Leaving out the pictures, print exactly the lines from the one holding "Toner Xerox black" to the last line of the entries below, both included, and nothing more.
(RECORDS PROVIDED begins)
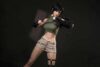 Yuffie-Final-Fantasy-Anime-Sex-Doll-with-Silicone-Head-168cm-3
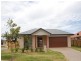 1 Kingsview Court, Little Mountain QLD 4551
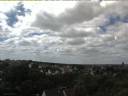 Vorschaubild von 09.07.2026 14:28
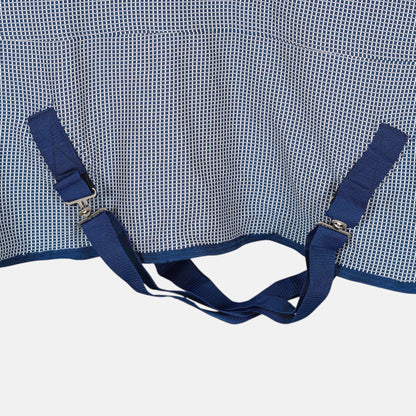 Svettäcke Sweat & Travel  | 165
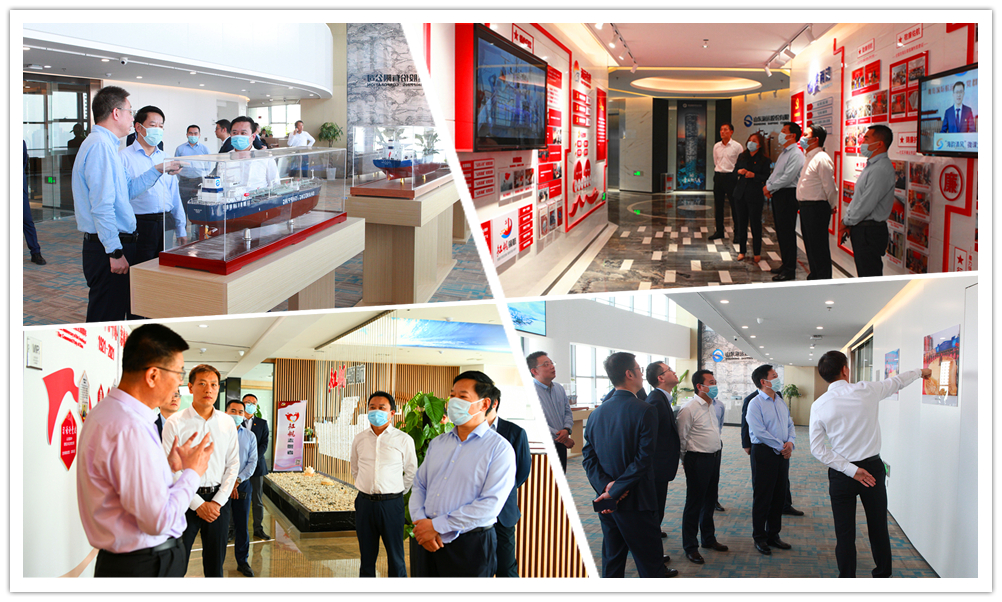 ������ʱ��(�й���)�������ǲ�!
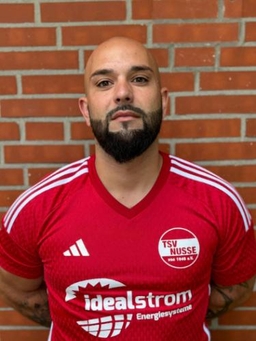 Avatar Bild für Marcel Rubien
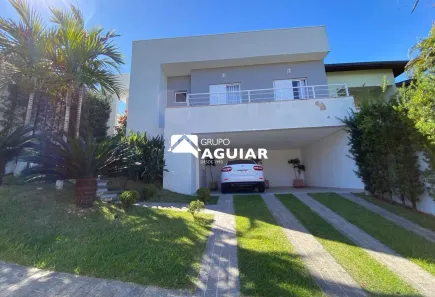 Casa de Condomínio com 3 Quartos à venda, 182m² no Jardim das Palmeiras, Valinhos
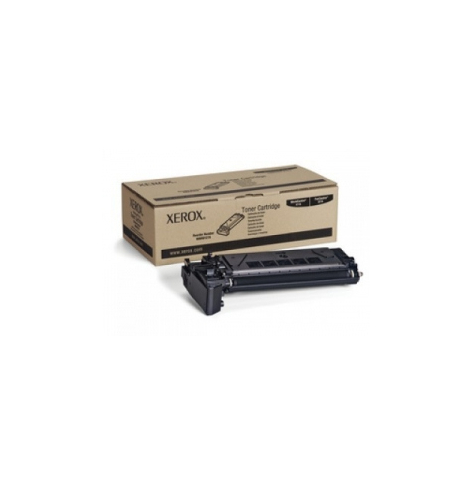 Toner Xerox black | 1 500str | Phaser 3140/3155/3160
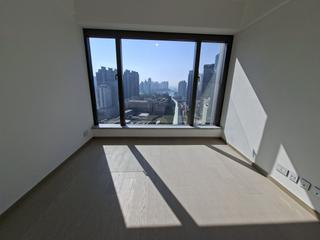 Wong Chuk Hang - The Southside Phase 3C Blue Coast II Tower 3 10
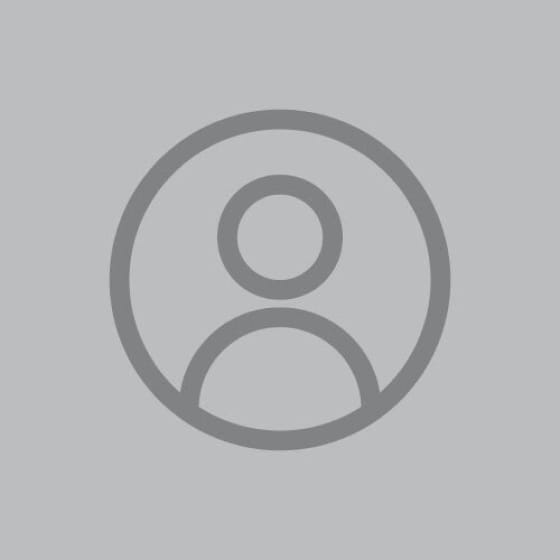 Placeholder for Staff member Ashlyn Chermol (ext. 133) from 7ed53fb3c9cd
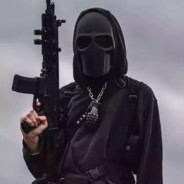 你看我还有机会么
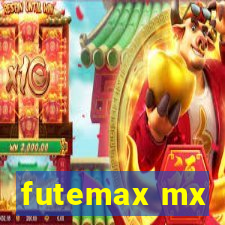 futemax mx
(RECORDS PROVIDED ends)
EXERCISE RESULT |
 Toner Xerox black | 1 500str | Phaser 3140/3155/3160
 Wong Chuk Hang - The Southside Phase 3C Blue Coast II Tower 3 10
 Placeholder for Staff member Ashlyn Chermol (ext. 133) from 7ed53fb3c9cd
 你看我还有机会么
 futemax mx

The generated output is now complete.